# Is goat minerals ok for horses?



## Goatgirl80 (Jan 17, 2013)

Can a pony can eat Manna Pro Goat minerals (He may not mess with it but just in case). I feed it free choice to my goats but now my daughter's pony is in with 2 of my goats so didn't know if it would be ok to put it out or not. Also what about baking soda? Thanks so much for any help


----------



## Hannah21 (Jun 17, 2014)

Because of the high amounts of copper in goat minerals,that could easily make a horse ill.
I would keep it out of her reach! to be safe 

I feed my pony "Big Sky Minerals"
In my book the BEST minerals for horses,pricey but a bag of it can easily last one pony over 2-3 months!


----------



## canyontrailgoats (Jan 4, 2014)

I think it would be safer to offer them all a horse mineral, and just make sure the goats are up to date on copper boluses. Baking soda doesn't need to be out at all, a healthy goat will "produce their own" so to speak, and it's usually only given when the goat has rumen problems.


----------



## Goatgirl80 (Jan 17, 2013)

What about just mixing the minerals in their feed (they get fed separately) so I know they are getting the kind they need...


----------



## Hannah21 (Jun 17, 2014)

Goatgirl80 said:


> What about just mixing the minerals in their feed (they get fed separately) so I know they are getting the kind they need...

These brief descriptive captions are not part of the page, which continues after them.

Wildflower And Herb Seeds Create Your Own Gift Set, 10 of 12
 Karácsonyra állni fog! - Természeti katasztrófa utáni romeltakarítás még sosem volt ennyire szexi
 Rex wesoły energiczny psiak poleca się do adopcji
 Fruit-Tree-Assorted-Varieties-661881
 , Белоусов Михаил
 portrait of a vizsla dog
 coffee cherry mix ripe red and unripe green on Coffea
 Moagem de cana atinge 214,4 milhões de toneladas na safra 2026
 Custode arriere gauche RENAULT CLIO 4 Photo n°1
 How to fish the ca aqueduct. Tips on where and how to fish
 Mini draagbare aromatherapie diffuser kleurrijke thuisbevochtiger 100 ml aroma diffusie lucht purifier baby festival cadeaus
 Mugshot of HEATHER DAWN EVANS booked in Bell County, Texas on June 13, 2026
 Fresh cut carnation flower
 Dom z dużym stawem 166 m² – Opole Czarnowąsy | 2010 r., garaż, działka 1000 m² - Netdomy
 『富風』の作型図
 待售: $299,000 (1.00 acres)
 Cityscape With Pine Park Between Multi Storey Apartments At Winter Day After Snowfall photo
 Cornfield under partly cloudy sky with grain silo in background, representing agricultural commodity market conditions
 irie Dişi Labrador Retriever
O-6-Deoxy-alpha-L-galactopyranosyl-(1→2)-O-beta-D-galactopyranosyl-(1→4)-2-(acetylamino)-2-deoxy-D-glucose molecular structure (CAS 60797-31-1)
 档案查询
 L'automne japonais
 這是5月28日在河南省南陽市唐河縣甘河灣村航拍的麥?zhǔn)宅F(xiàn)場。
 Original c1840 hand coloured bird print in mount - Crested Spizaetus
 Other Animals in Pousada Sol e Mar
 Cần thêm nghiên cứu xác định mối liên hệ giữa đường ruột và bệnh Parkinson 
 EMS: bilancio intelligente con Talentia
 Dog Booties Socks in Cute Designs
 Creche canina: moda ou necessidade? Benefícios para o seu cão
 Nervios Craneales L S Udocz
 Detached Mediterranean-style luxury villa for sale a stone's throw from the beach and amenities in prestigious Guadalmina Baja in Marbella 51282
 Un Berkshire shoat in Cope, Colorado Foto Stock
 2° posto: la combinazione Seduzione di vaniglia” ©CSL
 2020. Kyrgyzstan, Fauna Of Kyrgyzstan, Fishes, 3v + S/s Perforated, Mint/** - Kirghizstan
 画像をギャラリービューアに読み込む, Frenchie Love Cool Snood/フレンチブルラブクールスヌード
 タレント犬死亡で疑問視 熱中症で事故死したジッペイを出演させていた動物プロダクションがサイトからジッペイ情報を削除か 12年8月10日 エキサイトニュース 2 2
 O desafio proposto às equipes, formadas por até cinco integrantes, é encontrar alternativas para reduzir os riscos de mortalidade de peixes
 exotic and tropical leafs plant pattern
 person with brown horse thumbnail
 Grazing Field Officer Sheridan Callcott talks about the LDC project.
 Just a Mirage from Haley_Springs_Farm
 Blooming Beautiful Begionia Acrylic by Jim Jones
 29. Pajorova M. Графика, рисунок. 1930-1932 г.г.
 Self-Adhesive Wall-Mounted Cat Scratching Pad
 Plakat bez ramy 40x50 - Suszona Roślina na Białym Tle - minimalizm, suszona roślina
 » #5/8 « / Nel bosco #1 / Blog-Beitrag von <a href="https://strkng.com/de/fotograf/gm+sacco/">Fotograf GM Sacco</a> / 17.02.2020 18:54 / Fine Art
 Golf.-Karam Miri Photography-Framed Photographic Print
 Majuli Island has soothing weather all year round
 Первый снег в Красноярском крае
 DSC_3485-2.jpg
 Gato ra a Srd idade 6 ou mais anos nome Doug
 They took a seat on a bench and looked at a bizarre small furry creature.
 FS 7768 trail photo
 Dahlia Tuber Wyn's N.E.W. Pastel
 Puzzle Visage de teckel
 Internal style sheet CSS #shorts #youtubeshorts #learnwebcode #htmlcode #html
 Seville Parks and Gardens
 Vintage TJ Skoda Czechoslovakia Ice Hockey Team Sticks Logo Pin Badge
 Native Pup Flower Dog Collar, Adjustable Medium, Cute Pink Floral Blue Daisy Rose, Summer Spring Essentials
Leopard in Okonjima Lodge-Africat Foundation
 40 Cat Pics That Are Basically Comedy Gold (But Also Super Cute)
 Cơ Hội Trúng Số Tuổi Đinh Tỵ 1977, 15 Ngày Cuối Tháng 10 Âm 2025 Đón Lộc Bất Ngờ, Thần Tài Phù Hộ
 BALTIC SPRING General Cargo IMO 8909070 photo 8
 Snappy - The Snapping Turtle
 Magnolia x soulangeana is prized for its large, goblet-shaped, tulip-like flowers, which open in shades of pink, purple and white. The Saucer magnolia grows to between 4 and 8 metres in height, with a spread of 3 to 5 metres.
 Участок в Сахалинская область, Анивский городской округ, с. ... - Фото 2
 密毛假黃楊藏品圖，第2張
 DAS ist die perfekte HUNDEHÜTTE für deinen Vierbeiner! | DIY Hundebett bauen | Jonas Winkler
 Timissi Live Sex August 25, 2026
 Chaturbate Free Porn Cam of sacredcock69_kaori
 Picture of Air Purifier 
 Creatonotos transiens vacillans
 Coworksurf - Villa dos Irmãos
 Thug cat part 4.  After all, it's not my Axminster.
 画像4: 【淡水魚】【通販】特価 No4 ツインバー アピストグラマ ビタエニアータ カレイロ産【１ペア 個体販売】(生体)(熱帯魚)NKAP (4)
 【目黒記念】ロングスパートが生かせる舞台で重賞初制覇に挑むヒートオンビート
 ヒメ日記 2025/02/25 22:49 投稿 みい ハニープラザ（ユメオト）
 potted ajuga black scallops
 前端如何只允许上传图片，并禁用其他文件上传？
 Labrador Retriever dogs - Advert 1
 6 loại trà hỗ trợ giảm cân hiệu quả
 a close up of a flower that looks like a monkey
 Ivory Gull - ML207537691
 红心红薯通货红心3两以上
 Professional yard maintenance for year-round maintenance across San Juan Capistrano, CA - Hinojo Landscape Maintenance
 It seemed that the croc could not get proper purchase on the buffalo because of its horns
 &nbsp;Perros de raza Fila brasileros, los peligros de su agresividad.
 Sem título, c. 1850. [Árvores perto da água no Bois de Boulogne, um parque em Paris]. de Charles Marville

I would put it where the pony can't get to it :thumbup:


----------



## Goatgirl80 (Jan 17, 2013)

Well the only thing is the goats and the pony is about the same size so where the goats can fit he can too lol  They are boers and he is small. My 5 year old (the one he belongs too) is taller then he is lol.


----------



## IFFGoats (Apr 8, 2013)

The goat mineral will kill a horse. I wouldn't put in the grain you might over dose the goats. You could get an all stock mineral...


----------



## deerbunnyfarm (Dec 14, 2015)

This thread is from a year ago.


----------